When you apply for an instalment loan, a date is fixed by the lender. And every month, the amount gets deducted from your bank account on the same date. Lenders may provide you with different options for payment mode. If you are not satisfied with the auto-debit arrangement, you can ask your lender to provide you with an alternative, if available.
As the date of repayment is fixed, it becomes easy to stick to the budget that you have made. So, it can be concluded that with an instalment loan, you can easily manage your money.
How to qualify for an instalment loan?
Different lenders have different lending criteria. So, the eligibility criteria may also vary from lender to lender. When you sit down to apply for personal loans, check the lenders’ eligibility criteria and assess your financial circumstances. There are a few basic criteria that most of the lenders in the UK need you to qualify and we have listed them down:
- You must be a legal citizen of the UK.
- You must be above the age of 18.
- Must have a valid and active bank account.
- You must have a regular source of income.
These are some basic criteria that you should have. Apart from these, some lenders may consider your debt-to-income ratio to assess your creditworthiness and affordability. Also, lenders perform a credit check on your report to know about your relationship with credit.
What if you cannot repay an instalment loan?
If you fail to repay an instalment loan, your credit score will be impacted. With an unsecured personal loan, there is no risk to your asset as you do not pledge any while availing a loan. While with a secured loan, failure of repayment will lead to repossession of your collateral by the lender. They may sell it off to recover the amount you owe to them.
Moreover, your credit score will be ruined in both cases when you miss a series of repayments. The lender may go one step ahead and file a legal case on your name. You may receive a County Court Judgement (CCJ), which will stay on your report for 6 years if you do not repay the remaining amount within 30 days of receiving the notice.
How to know if an instalment loan is right for you?
Borrowing an instalment loan will impact your credit score and may also impact your monthly budget. Before you apply for a loan, assess your budget and ensure that you can easily afford the monthly repayments. What if there is an emergency? Will you be able to manage the repayments if you spend some extra money?
If you are not sure that you can afford the repayments, talk to the lender and check if they can revise your offer. Maybe the lender will offer you another repayment plan that has lower monthly repayments.

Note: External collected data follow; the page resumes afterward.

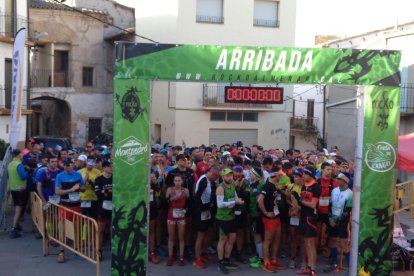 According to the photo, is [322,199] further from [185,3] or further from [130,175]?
[185,3]

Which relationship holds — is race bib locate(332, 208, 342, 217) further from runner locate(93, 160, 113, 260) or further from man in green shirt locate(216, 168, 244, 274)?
runner locate(93, 160, 113, 260)

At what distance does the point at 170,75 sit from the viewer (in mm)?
8508

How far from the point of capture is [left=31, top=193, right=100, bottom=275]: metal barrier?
8578 mm

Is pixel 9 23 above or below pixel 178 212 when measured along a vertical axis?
above

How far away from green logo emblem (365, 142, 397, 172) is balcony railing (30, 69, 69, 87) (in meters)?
27.1

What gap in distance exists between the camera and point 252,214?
393 inches

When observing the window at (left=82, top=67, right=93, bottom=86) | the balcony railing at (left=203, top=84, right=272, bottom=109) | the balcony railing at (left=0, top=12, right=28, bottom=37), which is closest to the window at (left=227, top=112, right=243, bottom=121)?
the balcony railing at (left=203, top=84, right=272, bottom=109)

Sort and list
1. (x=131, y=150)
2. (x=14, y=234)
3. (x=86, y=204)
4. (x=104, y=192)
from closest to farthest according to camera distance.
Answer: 1. (x=131, y=150)
2. (x=104, y=192)
3. (x=86, y=204)
4. (x=14, y=234)

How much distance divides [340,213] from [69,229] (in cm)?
473

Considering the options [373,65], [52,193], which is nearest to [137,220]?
[52,193]

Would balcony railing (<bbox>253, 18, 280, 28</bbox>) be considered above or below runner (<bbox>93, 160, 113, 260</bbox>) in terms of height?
above

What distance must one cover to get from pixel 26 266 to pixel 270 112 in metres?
21.5

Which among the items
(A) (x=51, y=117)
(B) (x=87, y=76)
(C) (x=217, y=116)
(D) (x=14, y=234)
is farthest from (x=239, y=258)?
(A) (x=51, y=117)

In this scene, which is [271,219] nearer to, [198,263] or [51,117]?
[198,263] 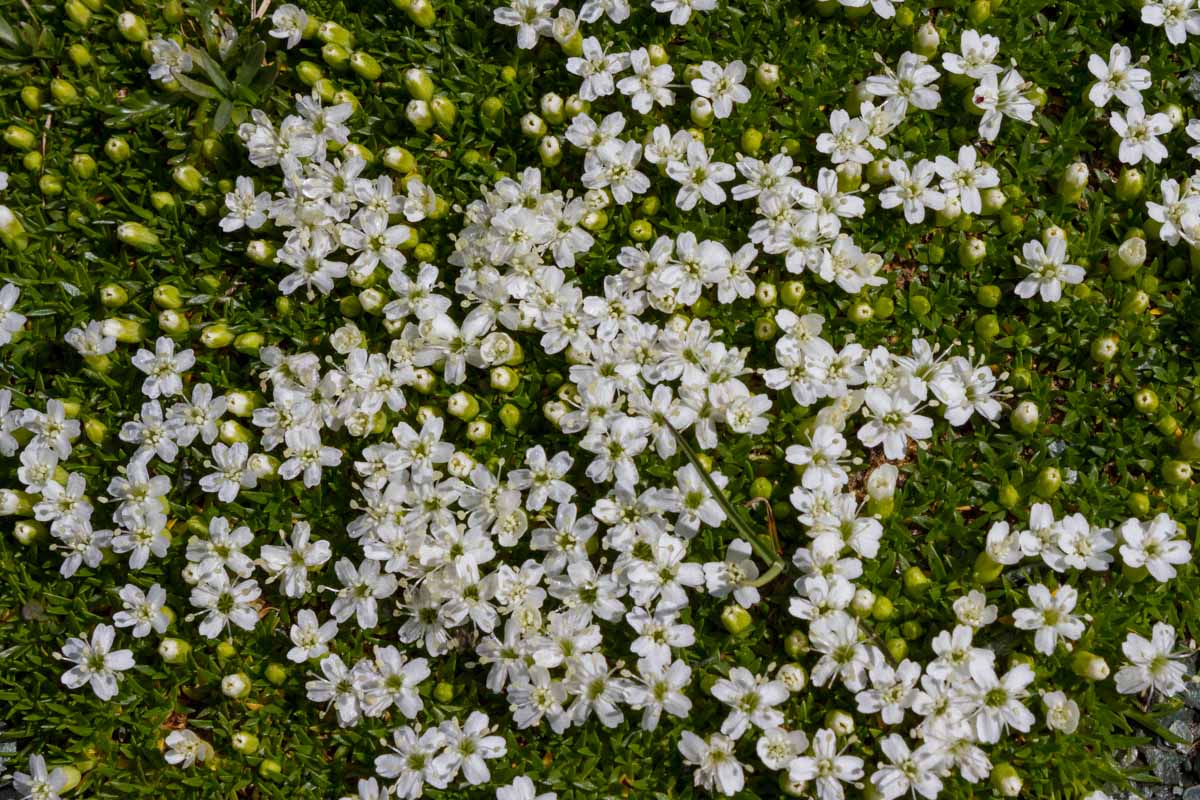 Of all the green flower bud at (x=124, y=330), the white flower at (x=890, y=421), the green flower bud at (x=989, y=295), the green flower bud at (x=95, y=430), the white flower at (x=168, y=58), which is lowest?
the green flower bud at (x=95, y=430)

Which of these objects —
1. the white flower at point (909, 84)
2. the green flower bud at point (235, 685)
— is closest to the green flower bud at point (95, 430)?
the green flower bud at point (235, 685)

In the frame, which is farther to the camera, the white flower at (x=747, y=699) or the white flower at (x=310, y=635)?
the white flower at (x=310, y=635)

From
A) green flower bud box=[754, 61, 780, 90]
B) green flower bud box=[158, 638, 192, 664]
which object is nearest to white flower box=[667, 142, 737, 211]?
green flower bud box=[754, 61, 780, 90]

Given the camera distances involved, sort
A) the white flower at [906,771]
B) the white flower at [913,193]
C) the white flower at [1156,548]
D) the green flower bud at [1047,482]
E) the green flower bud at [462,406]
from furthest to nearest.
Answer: the white flower at [913,193], the green flower bud at [462,406], the green flower bud at [1047,482], the white flower at [1156,548], the white flower at [906,771]

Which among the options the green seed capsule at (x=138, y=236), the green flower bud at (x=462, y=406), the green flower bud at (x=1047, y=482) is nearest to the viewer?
the green flower bud at (x=1047, y=482)

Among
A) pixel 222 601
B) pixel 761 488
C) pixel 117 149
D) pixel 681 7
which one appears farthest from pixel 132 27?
pixel 761 488

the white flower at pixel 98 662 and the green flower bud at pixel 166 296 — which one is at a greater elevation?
the green flower bud at pixel 166 296

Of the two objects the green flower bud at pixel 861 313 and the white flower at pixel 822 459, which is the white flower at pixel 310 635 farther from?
the green flower bud at pixel 861 313

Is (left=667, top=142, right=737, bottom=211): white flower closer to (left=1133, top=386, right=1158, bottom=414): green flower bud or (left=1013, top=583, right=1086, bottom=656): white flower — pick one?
(left=1133, top=386, right=1158, bottom=414): green flower bud

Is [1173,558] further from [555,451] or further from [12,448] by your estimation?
[12,448]

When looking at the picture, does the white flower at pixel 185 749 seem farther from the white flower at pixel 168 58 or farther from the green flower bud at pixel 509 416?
the white flower at pixel 168 58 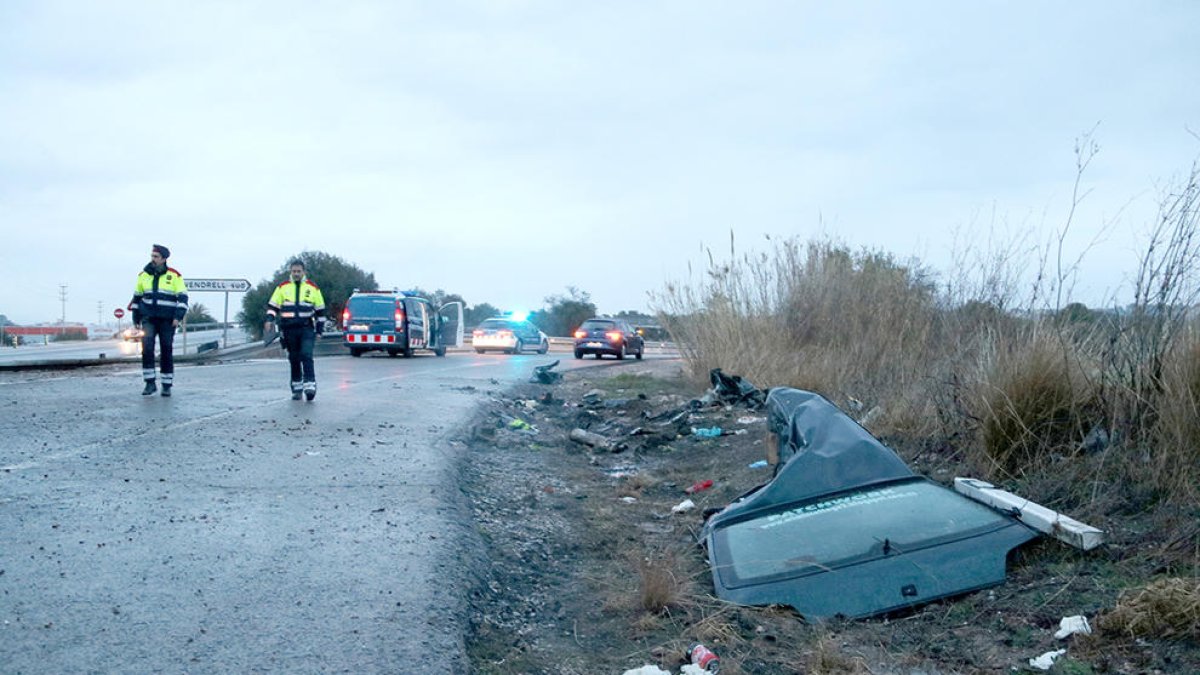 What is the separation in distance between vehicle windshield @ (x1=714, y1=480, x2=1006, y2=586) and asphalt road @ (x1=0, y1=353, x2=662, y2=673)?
4.69 ft

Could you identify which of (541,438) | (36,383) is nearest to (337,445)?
(541,438)

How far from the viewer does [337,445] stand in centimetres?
778

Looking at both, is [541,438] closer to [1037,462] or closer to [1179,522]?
[1037,462]

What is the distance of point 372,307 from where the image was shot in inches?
1043

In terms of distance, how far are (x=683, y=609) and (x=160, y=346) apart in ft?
29.5

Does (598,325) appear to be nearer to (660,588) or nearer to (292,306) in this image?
(292,306)

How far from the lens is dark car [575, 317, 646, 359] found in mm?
30328

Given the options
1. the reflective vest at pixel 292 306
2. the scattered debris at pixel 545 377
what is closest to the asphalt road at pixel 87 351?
the reflective vest at pixel 292 306

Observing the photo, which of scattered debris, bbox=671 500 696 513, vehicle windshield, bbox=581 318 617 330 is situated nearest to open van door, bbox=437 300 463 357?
vehicle windshield, bbox=581 318 617 330

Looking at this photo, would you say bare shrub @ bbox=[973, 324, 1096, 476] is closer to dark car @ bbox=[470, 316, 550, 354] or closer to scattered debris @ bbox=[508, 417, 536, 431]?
scattered debris @ bbox=[508, 417, 536, 431]

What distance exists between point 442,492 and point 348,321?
2102cm

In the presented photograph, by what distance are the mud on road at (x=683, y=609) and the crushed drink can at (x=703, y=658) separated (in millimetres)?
42

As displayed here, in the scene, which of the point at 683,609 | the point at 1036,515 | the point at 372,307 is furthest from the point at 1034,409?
the point at 372,307

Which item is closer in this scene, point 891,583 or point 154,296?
point 891,583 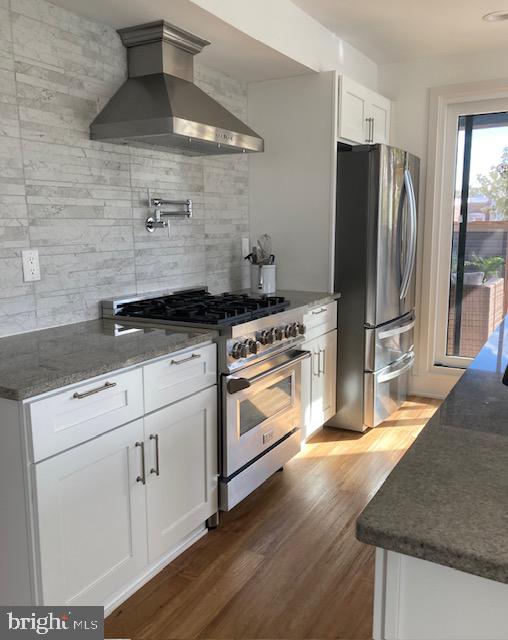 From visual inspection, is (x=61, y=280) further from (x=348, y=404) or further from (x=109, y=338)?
(x=348, y=404)

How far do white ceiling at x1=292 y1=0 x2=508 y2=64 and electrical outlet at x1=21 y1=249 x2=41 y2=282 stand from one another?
1.97 m

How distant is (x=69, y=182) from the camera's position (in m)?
2.51

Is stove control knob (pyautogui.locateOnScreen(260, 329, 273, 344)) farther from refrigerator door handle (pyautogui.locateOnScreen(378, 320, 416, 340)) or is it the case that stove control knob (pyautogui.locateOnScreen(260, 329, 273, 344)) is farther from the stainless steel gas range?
refrigerator door handle (pyautogui.locateOnScreen(378, 320, 416, 340))

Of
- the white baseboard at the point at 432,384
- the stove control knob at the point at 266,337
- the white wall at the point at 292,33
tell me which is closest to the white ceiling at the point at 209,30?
the white wall at the point at 292,33

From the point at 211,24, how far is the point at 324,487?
2.33 metres

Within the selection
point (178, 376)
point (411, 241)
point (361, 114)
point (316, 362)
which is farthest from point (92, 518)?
point (361, 114)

Another great alternative will be a credit card. Check for 0% APR credit cards. Mostly these cards have introductory offers that expire after a certain period. If you are considering using one, review the Terms & Conditions. These cards offer you a period where no interest rate will be levied on the expenses that you make using the card. However, after the introductory period is over, the regular interest rate will be applied. Hence, you must know the deal before you start using a 0% APR credit card.
Bottom Line
If you have already decided that you need an instalment loan, compare various offers to find the best instalment loan in the UK. While comparing you may notice that different lenders will be offering you different interest rates. To find the one that falls in line with your requirement, compare all the available options. When you find a few favourable offers, check the FCA registration status of the lenders that you have shortlisted. If the lender who you have finalized is not licensed by the FCA, then beware as you may be trapped in a scam.